EXERCISE DIRECTIONS =
The output should match, line for line, the records from the line containing "Aspen Leaves Tattoo, Aspen" through the line containing "16 oz Libbey", with every picture left out.

SUPPLIED MATERIAL =
────────────────────

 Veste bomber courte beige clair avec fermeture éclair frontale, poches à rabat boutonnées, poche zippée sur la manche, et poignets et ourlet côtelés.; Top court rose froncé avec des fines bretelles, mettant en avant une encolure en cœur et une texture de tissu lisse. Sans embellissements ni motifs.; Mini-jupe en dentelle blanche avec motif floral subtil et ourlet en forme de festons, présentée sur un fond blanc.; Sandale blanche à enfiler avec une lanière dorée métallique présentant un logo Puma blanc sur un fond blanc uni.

────────────────────

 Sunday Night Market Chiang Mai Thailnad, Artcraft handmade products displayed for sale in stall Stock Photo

────────────────────

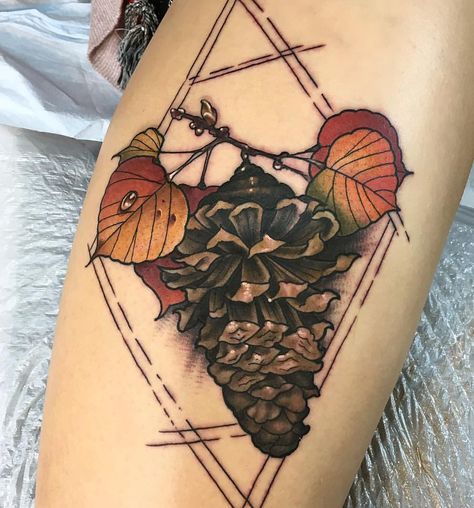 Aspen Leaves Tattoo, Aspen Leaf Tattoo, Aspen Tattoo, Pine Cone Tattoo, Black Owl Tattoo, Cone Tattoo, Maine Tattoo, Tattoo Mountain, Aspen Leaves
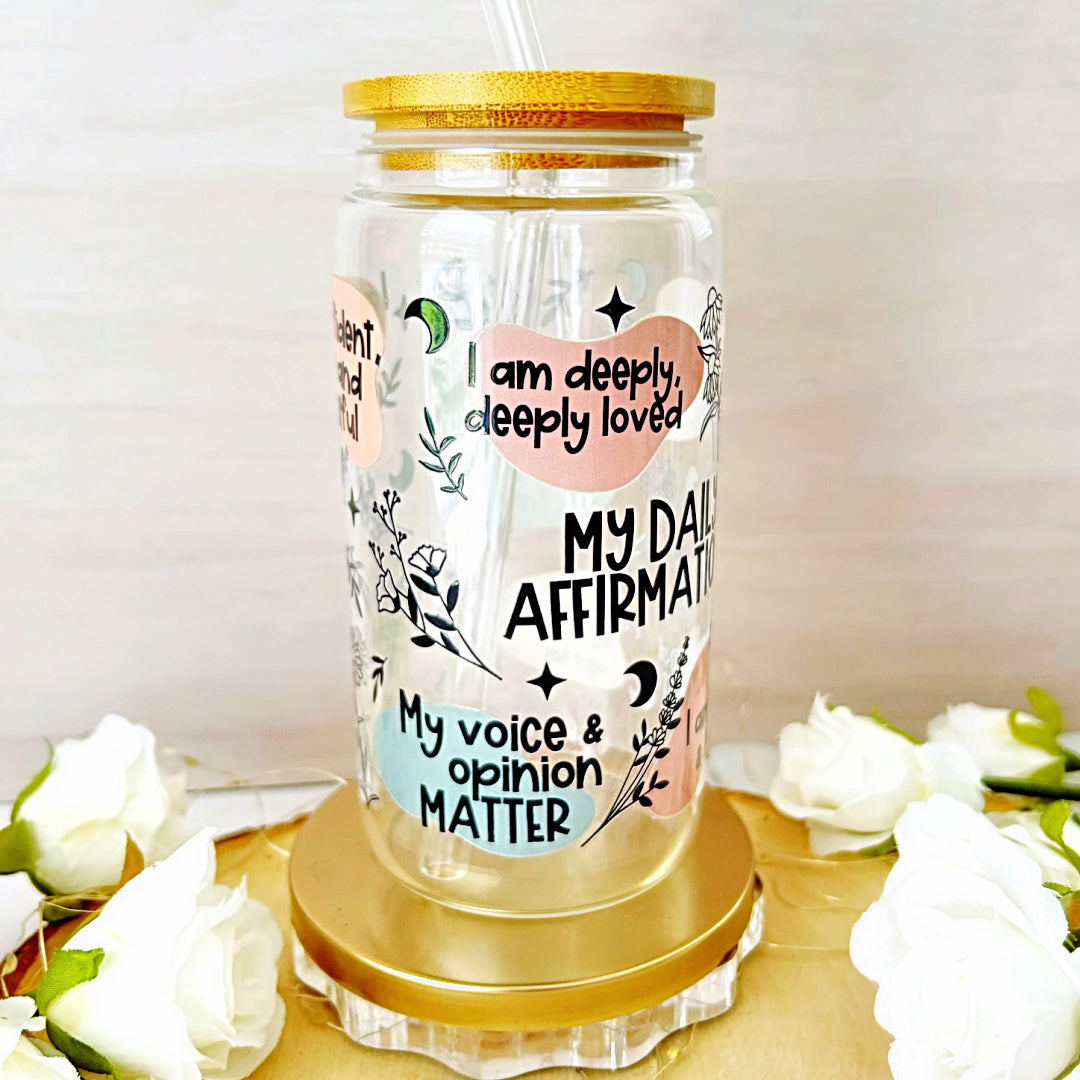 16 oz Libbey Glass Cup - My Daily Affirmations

────────────────────

WRITTEN SOLUTION =
 Aspen Leaves Tattoo, Aspen Leaf Tattoo, Aspen Tattoo, Pine Cone Tattoo, Black Owl Tattoo, Cone Tattoo, Maine Tattoo, Tattoo Mountain, Aspen Leaves
 16 oz Libbey Glass Cup - My Daily Affirmations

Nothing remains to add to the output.